This week’s questioning technique is taken from Gererd Dixie’s book The Ultimate Teaching Manual and is about thinking aloud.
Why is it important?
By verbalising their inner speech (silent dialogue) as they think their way through a problem, teachers model how expert thinkers solve problems. As a result, as students think out loud with teachers and with one another, they gradually internalise this dialogue; it becomes their inner speech: they learn how to learn and develop into reflective and independent learners.
“What am I going to say/write/do now? Why have I stopped? What is my problem? What sort of problem is this? Where have I seen this before? Who can help me? What do I need? What is the next step? Is there a better way? What alternatives are there?”
Get pupils to ‘think aloud’ when they are preparing to offer their responses.
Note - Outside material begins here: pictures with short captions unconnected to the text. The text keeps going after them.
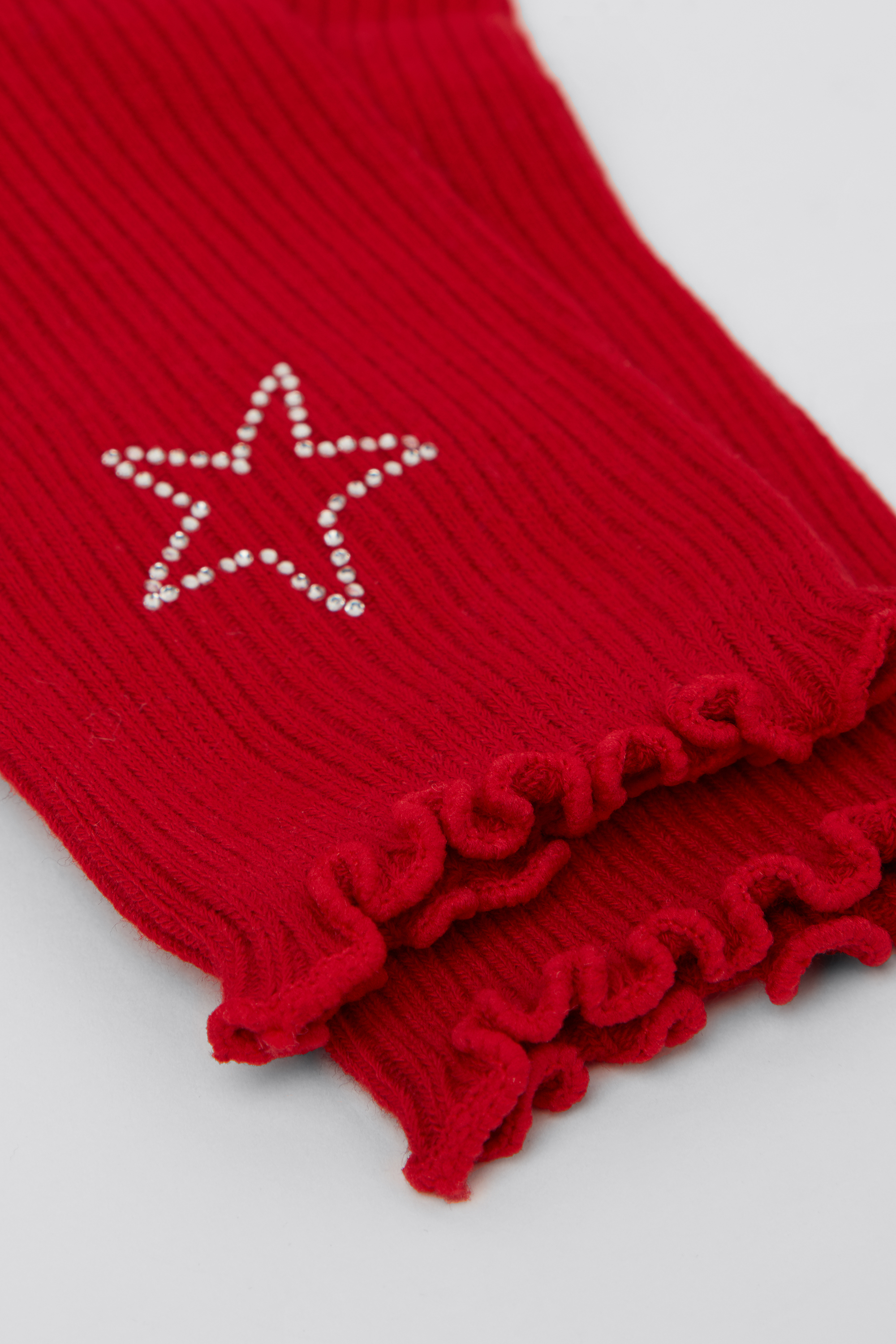 Ribbed Cuffless Short Socks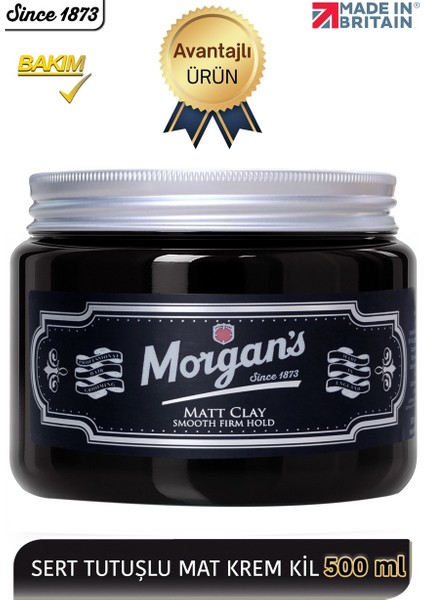 Morgan's Matt Clay Smooth Firm Hold - Güçlü Tutuş Sağlayan Şekillendirici Kil 500 ml fiyatları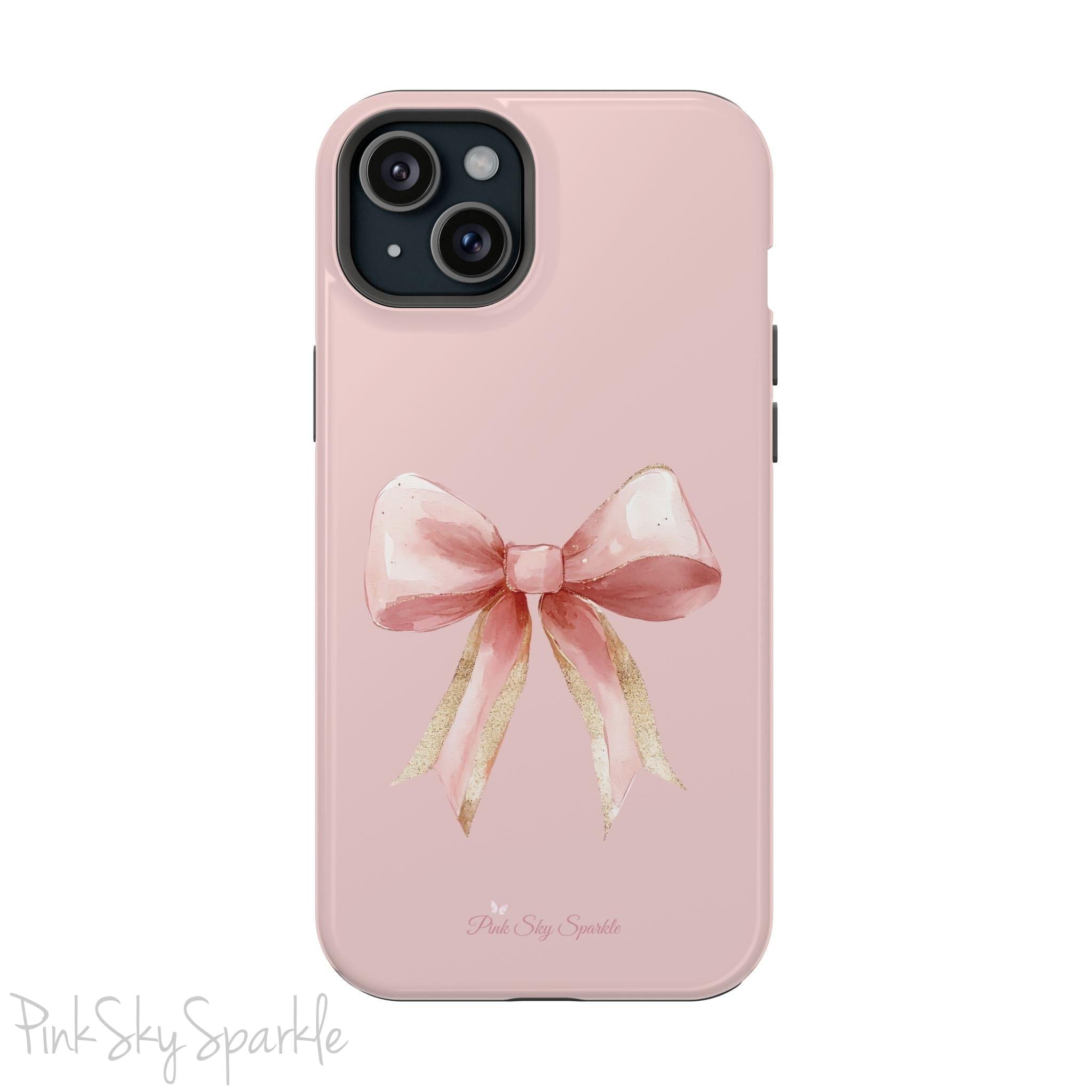 Blush & Gold Coquette Magnetic iPhone Case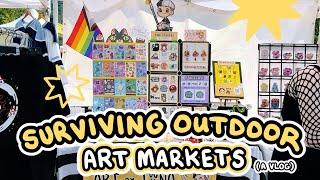 ART VLOG  selling stickers at Pride Festival | self employed illustrator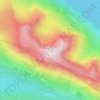 Mapa topográfico High Stile (Wainwright), altitud, relieve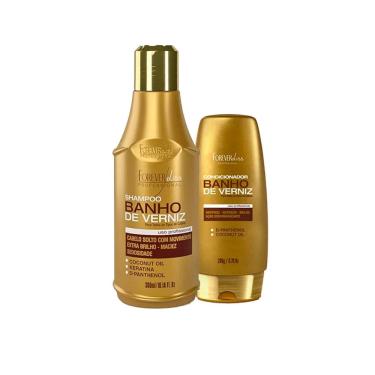 Imagem de Kit Banho de Verniz Shampoo 300ml e Condicionador 200g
Doing this raises the status of the ‘thinking process’ rather than just focusing pupils’ attention on their final answer.
On Wednesday we hosted our second TeachMeet CPD, which was based around questioning. Once again the session was “inspiring”, full of “brilliant ideas” and had a lovely atmosphere. If you want to know why you should attend the next one (and steal some of these ideas!), then read below!
“Teachers use questioning and discussion to assess the effectiveness of their teaching and promote pupils’ learning” (Ofsted, School inspection handbook from September 2012) –> using questions to promote learning and stimulate thinking Questioning Ofsted
Chris – think/pair/share after question has been asked & routines to encourage students to use all other resources available before answering a question (books, peers, display etc) as a way of building up quality answers.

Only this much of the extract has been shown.